# 1962 pontiac block



## mikey9743 (Feb 20, 2011)

I am looking at A 4 bolt main on a 1962 pontiac block could someone help me out on block ID maybe 421 casting #538181


----------



## geeteeohguy (Feb 2, 2008)

# 538181 was the casting number for the following 3 engines: 1961 389, 1961 421, and a 1962 SD. IF the date code is for a '62 block, (at the distributor hole) it's a 421 SD. Pretty exiting stuff. Keep us posted. Is it for SALE?


----------



## 05GTO (Oct 6, 2004)

If it is a 4 bolt main and has a transfer lug it is a 61 or 62 421SD, the 389 will be a 2 bolt main and does not have a transfer lug. I believe they did not use letter codes in 61 and only used the casting number. Here is more 421 information with 62 letter codes, the letter code is on the front of the block, passenger's side just below the head;










389 and 400 blocks without transfer lug;










The 326, 350, 421, 428 and 455 blocks all have the transfer lug (except for the 1973 455SD);


----------



## mikey9743 (Feb 20, 2011)

Thanks for info the motor also comes with tri power setup belived to be stock with motor picking up next week will know more


----------



## geeteeohguy (Feb 2, 2008)

Good deal. No matte what it is, ANY 4 bolt main '61-'62 block is a score. They are super strong, and have much more nickel and reinforcements than the later blocks. Only disadvantage is the trans mounted starter. I'm betting it's a 421 SD.....I can feel it!


----------



## mikey9743 (Feb 20, 2011)

It is know in my possession head 538177 front passanger side block 861p top below 8110 their is also a E by itself at distrib k11 0 2 block 538181 help


----------



## 05GTO (Oct 6, 2004)

mikey9743 said:


> It is know in my possession head 538177 front passanger side block 861p top below 8110 their is also a E by itself at distrib k11 0 2 block 538181 help


The 538177 head (1.88/1.60, 69 cc) was used on the standard 389 and 421 for both 61 and 62.

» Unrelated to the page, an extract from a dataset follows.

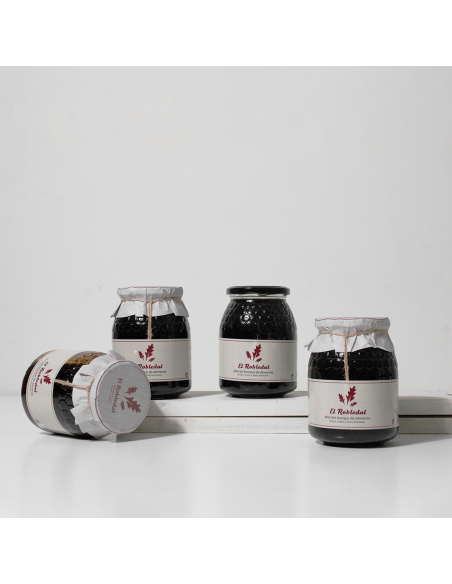 Mel del Bosc d'Almanza (4 unitats) - Productos Leoneses Online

The SD heads for 61 and 62 was 540306 (1.92/1.66 68 cc).
In 62 the 405hp head was 544127 (2.02/1.76 68 cc)

Is there a transfer lug on the block?


----------



## mikey9743 (Feb 20, 2011)

NO transfer lug on block


----------



## mikey9743 (Feb 20, 2011)

also checked bore vener caliber 4-3/32 any help


----------



## 05GTO (Oct 6, 2004)

389 block

4.06250" bore, 3.7500" stroke & 3.000" main bearing diameter,

421 block

4.09375" bore, 4.0000" stroke & 3.250" main bearing diameter, 


3/32 is equal to .09375, could also be a 389 with a .030 bore.


----------



## mikey9743 (Feb 20, 2011)

I am putting it on a stand this weekend it seams the next thing to check is diameter of main bearing get back when I got info


----------



## mikey9743 (Feb 20, 2011)

Put motor on stand main bearing 3 inches so am i looking at a 389 and did all 1962 389 have 4 bolt mains if not what makes this different


----------



## 05GTO (Oct 6, 2004)

Can you post pictures of the 4 bolt mains,


----------



## mikey9743 (Feb 20, 2011)

We are still at it and think we have a 425-A Trophy V8 engine 389 HO still looking for info


----------



## 05GTO (Oct 6, 2004)

I've found a website that states the 61 & 62 421 did not have a transfer lug, the production numbers for that engine are very low, probably less than 200.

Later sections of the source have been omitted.